= Beginning of Section =

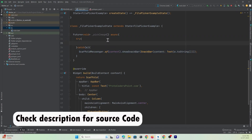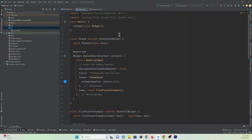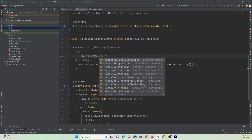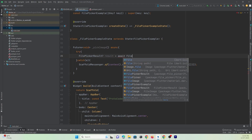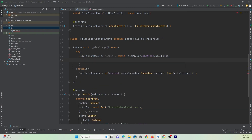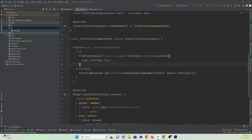Inside the try block, we add the functionality to pick an image. Using the file_picker library: FilePickerResult? result = await FilePicker.platform.pickFiles(). The type of file to pick is set to FileType.image. There are various properties available, and here we use the image property.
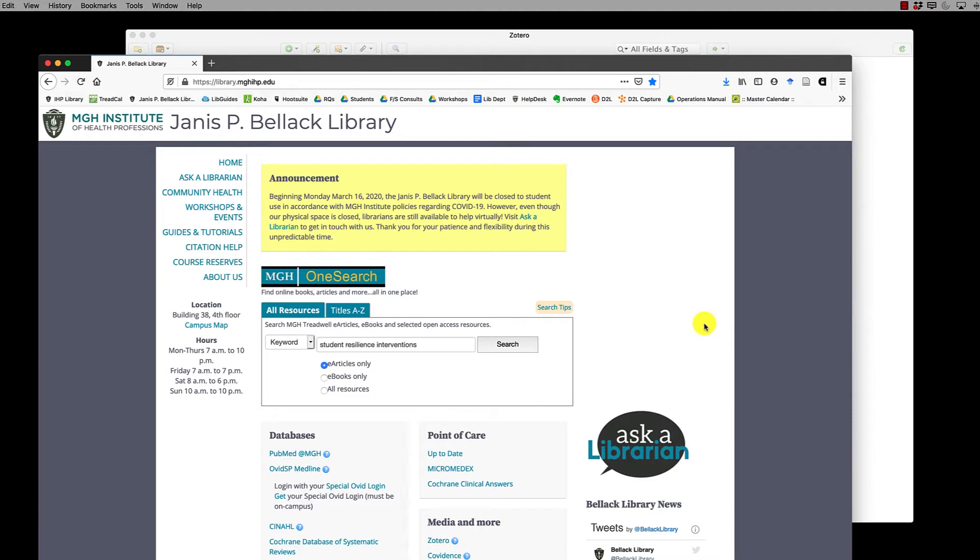I'm here on the Bellic library website and to begin I'm going to do a quick search in OneSearch for student resilience interventions.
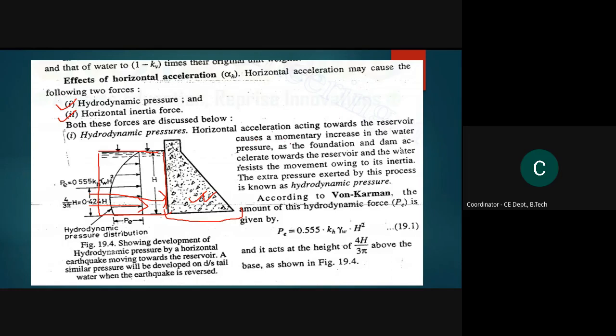The hydrodynamic pressure will be studied first. The horizontal acceleration acting toward the reservoir causes a momentary increase in water pressure. As the foundation and dam accelerate toward the reservoir and the water resists movement due to its inertia, the extra pressure exerted is known as hydrodynamic pressure. This was proposed by scientist Von Karman: Pe = 0.555 × KH × γW × H².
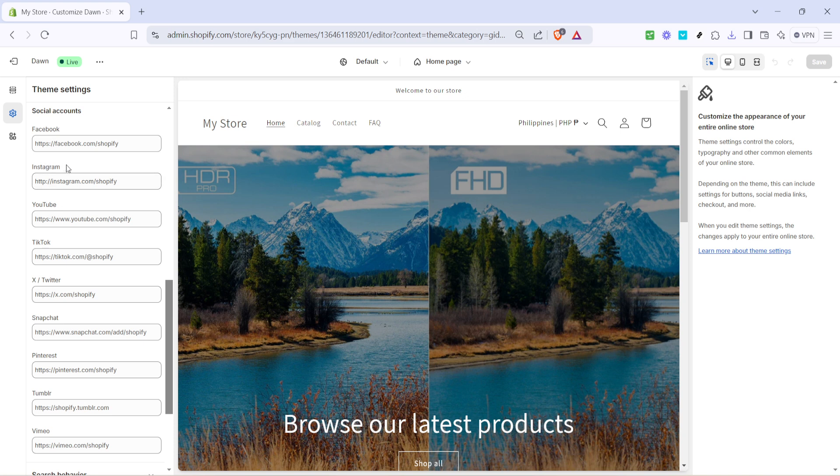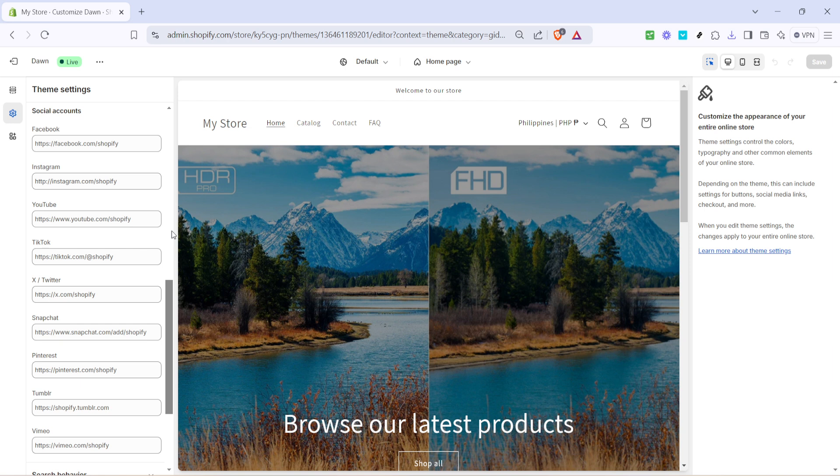Following that, navigate towards adding more of your social media accounts. You will come across several options for various platforms. For instance, adding YouTube is equally simple. You'll just need to paste your channel or video URL in the corresponding field. This opens up a visual realm for your customers to see your content.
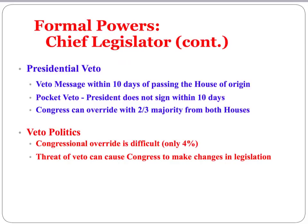Those are the formal powers of the president as outlined in Article 2. Join us on our YouTube channel to learn more about the executive as we move forward.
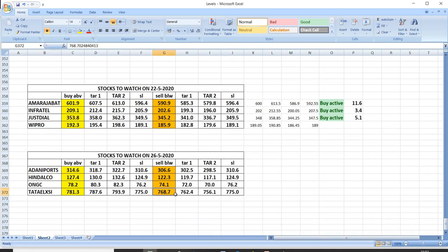Stocks to watch on 26-5: Adani Ports, Hindalco, ONGC and Tata LXC. You can watch these stocks and trade safely.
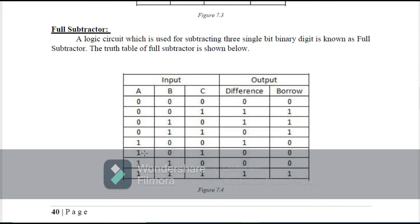Like the full adder, the full subtractor has a third input which is called the borrow input. In the truth table of a full subtractor, we have three inputs: A, B, and C, where C is the borrow input, and two outputs: difference and borrow output. When all three inputs are 0, the difference is 0 and borrow is 0. When A is 0, B is 0, and borrow input C is 1, then the difference is 1 and borrow is also 1.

= End of Section =

→ **Task to complete**: The line containing "The hydrodynamic pressure" marks the end: copy exactly every line from the start of the records up to and including it, leaving out the pictures.

→ **Answer to the exercise**:
Inside the try block, we add the functionality to pick an image. Using the file_picker library: FilePickerResult? result = await FilePicker.platform.pickFiles(). The type of file to pick is set to FileType.image. There are various properties available, and here we use the image property.
I'm here on the Bellic library website and to begin I'm going to do a quick search in OneSearch for student resilience interventions.
The hydrodynamic pressure will be studied first. The horizontal acceleration acting toward the reservoir causes a momentary increase in water pressure. As the foundation and dam accelerate toward the reservoir and the water resists movement due to its inertia, the extra pressure exerted is known as hydrodynamic pressure. This was proposed by scientist Von Karman: Pe = 0.555 × KH × γW × H².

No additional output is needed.